Implications for Microsoft

Abramsky said the proposed deal shows that Microsoft and Apple have to-date had some success pressing their IP attacks on Android.

While Google/Motorola Mobility deal was appropriately positioned by Google as strengthening and protecting their mobile strategy, in Abramsky's perspective Apple/Microsoft also forced Google to disrupt its OEM model for Android, creating potential channel conflict with its OEMs, and become directly involved in the hardware business.

While the proposed deal may not be positive for Microsoft, IP strategy (licensing Andriod OEMs and developing a revenue stream), it may force OEMs to adopt Microsoft WP7 (Windows Phone 7, Microsoft's Mobile OS) alongside or even as an Android alternative.

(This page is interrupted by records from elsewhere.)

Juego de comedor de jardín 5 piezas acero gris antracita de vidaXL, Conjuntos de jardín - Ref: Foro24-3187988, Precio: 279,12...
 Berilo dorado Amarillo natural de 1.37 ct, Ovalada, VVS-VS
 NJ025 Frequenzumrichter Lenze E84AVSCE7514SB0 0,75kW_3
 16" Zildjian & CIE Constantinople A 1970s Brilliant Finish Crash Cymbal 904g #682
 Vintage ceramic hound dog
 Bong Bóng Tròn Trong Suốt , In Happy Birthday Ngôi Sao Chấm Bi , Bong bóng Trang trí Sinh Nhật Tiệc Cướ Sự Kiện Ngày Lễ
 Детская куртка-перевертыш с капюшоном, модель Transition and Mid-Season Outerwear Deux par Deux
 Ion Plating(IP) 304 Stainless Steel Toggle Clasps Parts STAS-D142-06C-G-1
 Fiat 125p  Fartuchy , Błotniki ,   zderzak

Abramsky said the proposed deal may raise the possibility of Nokia being bought by Microsoft -- however Microsoft now de facto oversees Nokia's software and internally Microsoft typically shuns acquisitions (Skype the exception) if it can achieve its goals via partnership, also Microsoft likely wouldn't want to disrupt the current OEM relationships it has, like Google has done.

Abramsky said possible Google/Motorola Mobility integration challenges (similar to what Nokia/Microsoft went through) could offer some competitive distraction, helping Microsoft in the near-term.

Abramsky said Microsoft would now be the only leading non-Android OEM software vendor (versus Apple, RIM, Google) that does not own hardware, which -- if this becomes the standard for user experience -- could present a challenge (he doesn't consider MeeGo, backed by Intel, or WebOS/HP as yet mainstream, although they too could get an OEM boost from this deal).

As well, Google is likely to press its ad-supported-business model into Smartphones further, which may be disruptive to Microsoft.